What is needed:
Among the lines below, keep only those from the one containing "Happy Dog Fit & Vital Adult" through the one containing "Montre Alix étoiles élégante SC Crystal", and reproduce them exactly.

Input data:
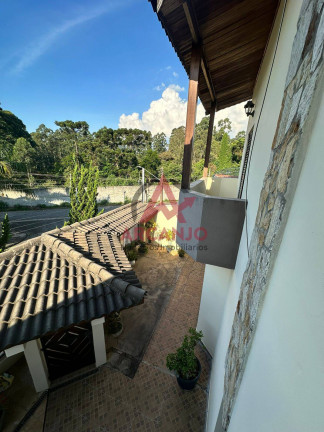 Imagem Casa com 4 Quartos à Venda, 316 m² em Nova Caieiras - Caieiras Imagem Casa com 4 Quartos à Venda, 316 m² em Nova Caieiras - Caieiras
--
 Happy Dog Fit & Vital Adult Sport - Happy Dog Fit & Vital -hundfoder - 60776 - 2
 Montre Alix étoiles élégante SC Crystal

Output:
 Happy Dog Fit & Vital Adult Sport - Happy Dog Fit & Vital -hundfoder - 60776 - 2
 Montre Alix étoiles élégante SC Crystal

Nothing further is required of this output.